__Dataset__.
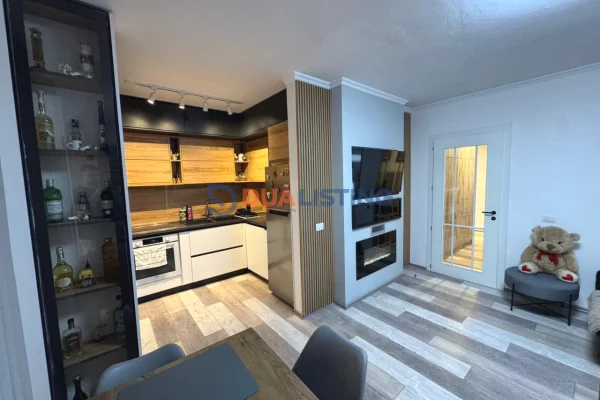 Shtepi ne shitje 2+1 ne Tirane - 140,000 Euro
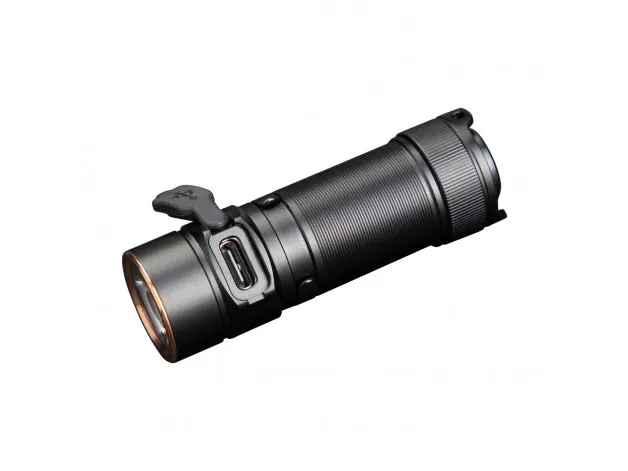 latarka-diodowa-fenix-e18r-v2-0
--
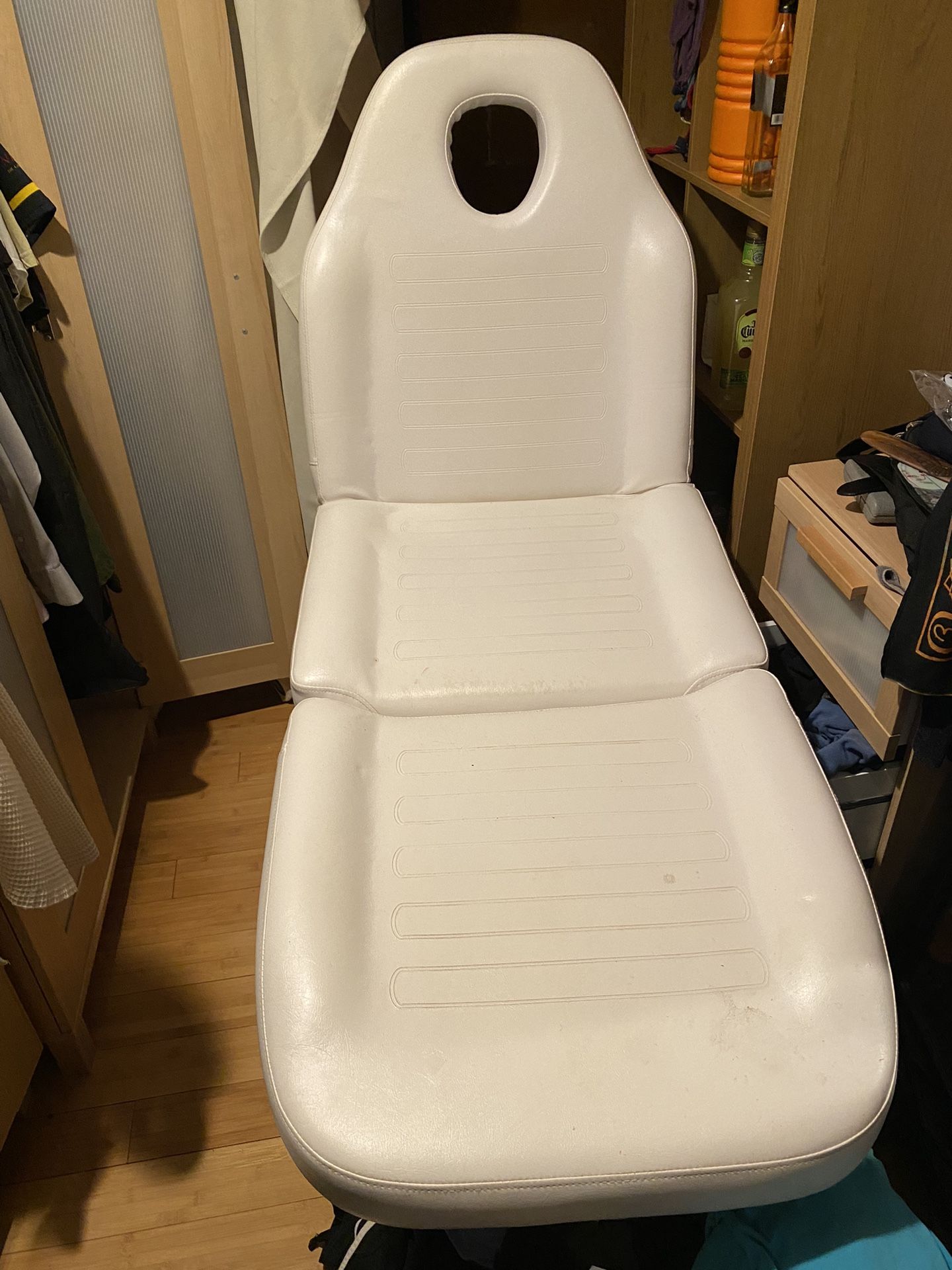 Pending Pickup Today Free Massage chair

__Task requirements__. Return exactly the lines that appear in the data above between the line containing "Shtepi ne shitje" and the line containing "latarka-diodowa-fenix-e18r-v2-0", both of which are included, and leave the pictures out.

__Answer for the task__.
 Shtepi ne shitje 2+1 ne Tirane - 140,000 Euro
 latarka-diodowa-fenix-e18r-v2-0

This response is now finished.